> [WHAT YOU HAVE TO DO]: Without including any pictures, reproduce the full listing exactly.

Segment Start: THE DATA

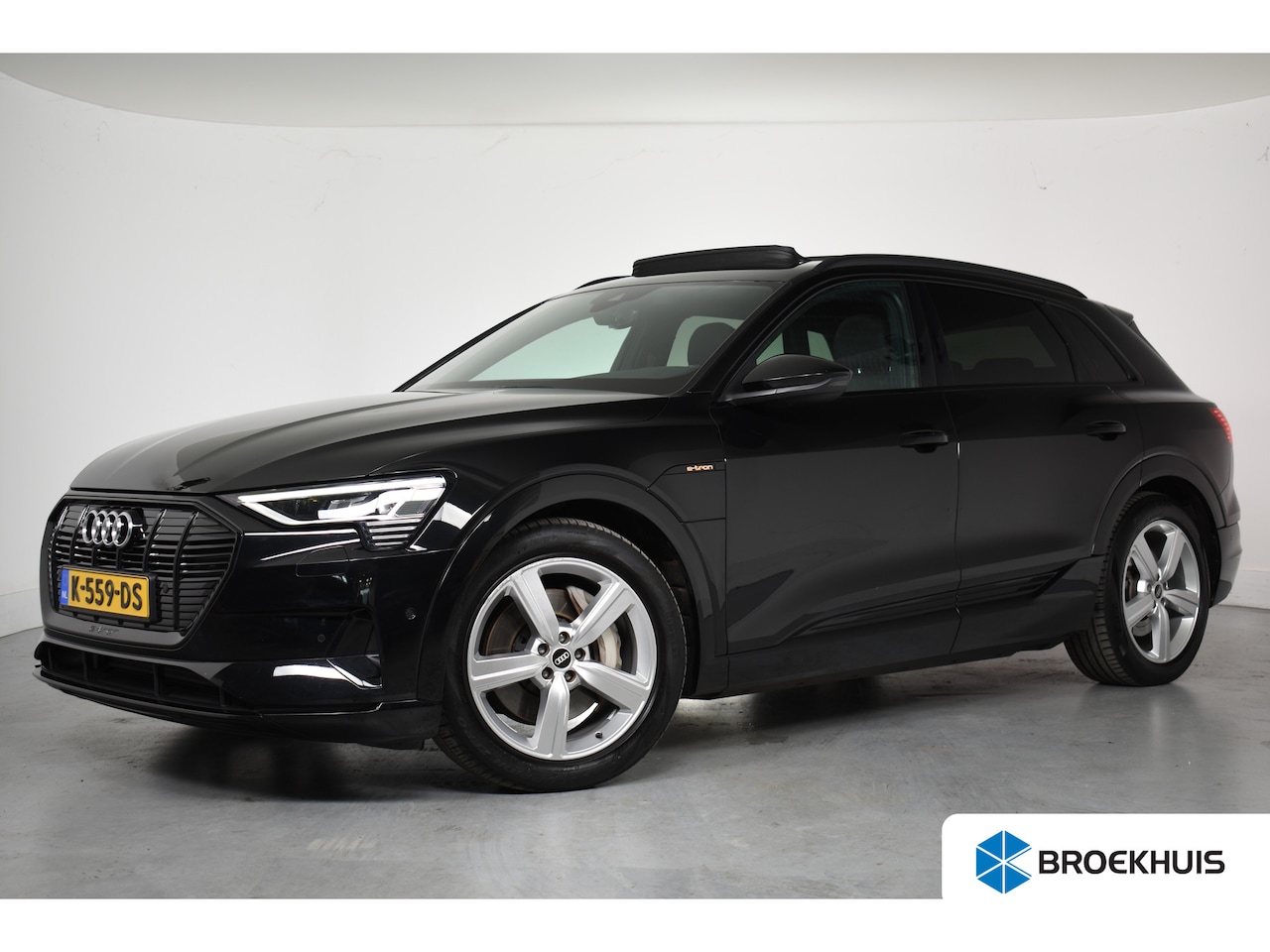 Audi e-tron - 55 quattro Business edition Plus 95 kWh | Open Dak | Memory Zetels | Bang & Olufsen | LED - AutoWereld.nl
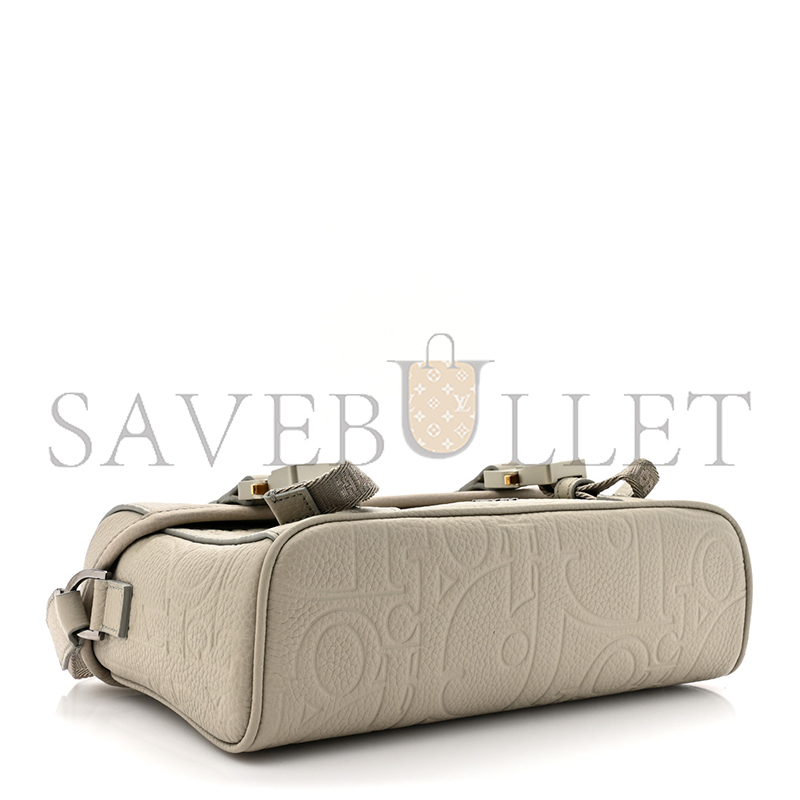 D*or grained calfskin D*or gravity hit the road messenger bag beige (24*18*8cm)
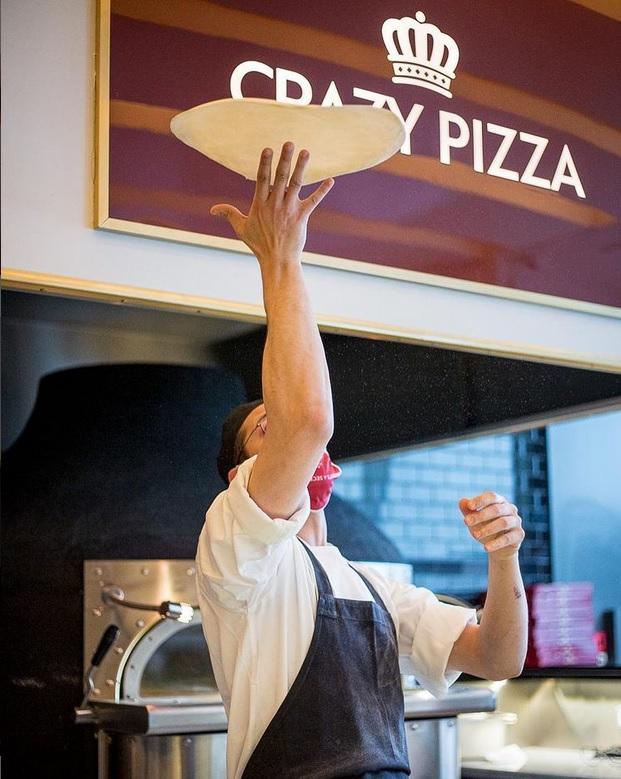 Briatore vuole aprire Crazy Pizza nel 2023 in Versilia. E cerca personale per l’estate al Twiga 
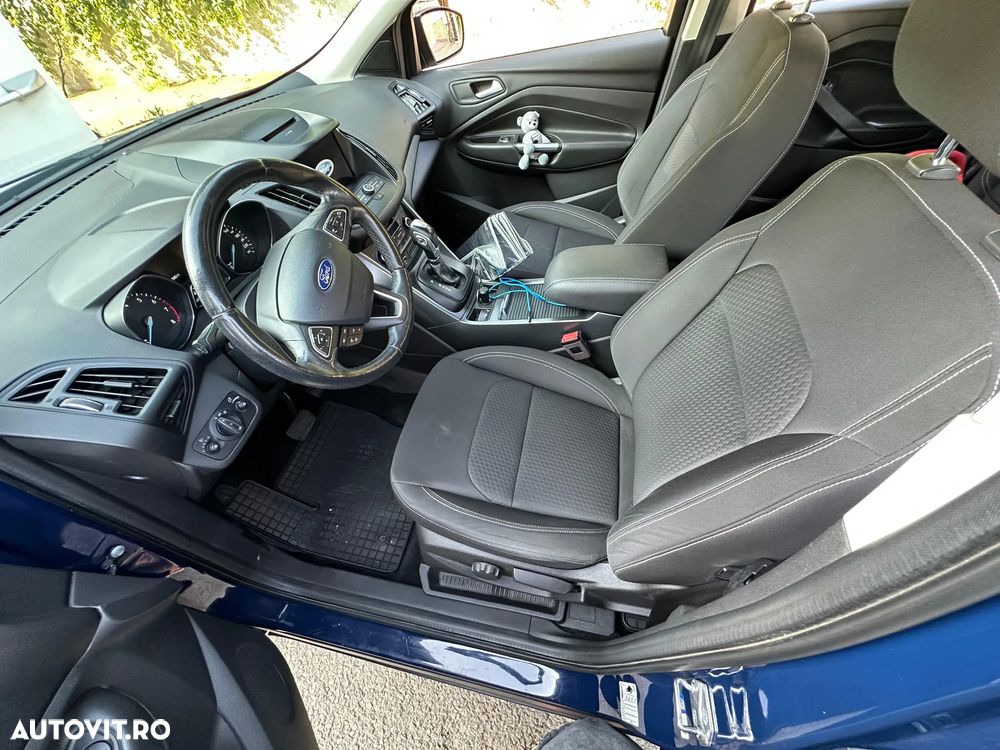 Ford Kuga - 3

Segment End: THE DATA

> [ANSWER TO THIS TASK]:
 Audi e-tron - 55 quattro Business edition Plus 95 kWh | Open Dak | Memory Zetels | Bang & Olufsen | LED - AutoWereld.nl
 D*or grained calfskin D*or gravity hit the road messenger bag beige (24*18*8cm)
 Briatore vuole aprire Crazy Pizza nel 2023 in Versilia. E cerca personale per l’estate al Twiga 
 Ford Kuga - 3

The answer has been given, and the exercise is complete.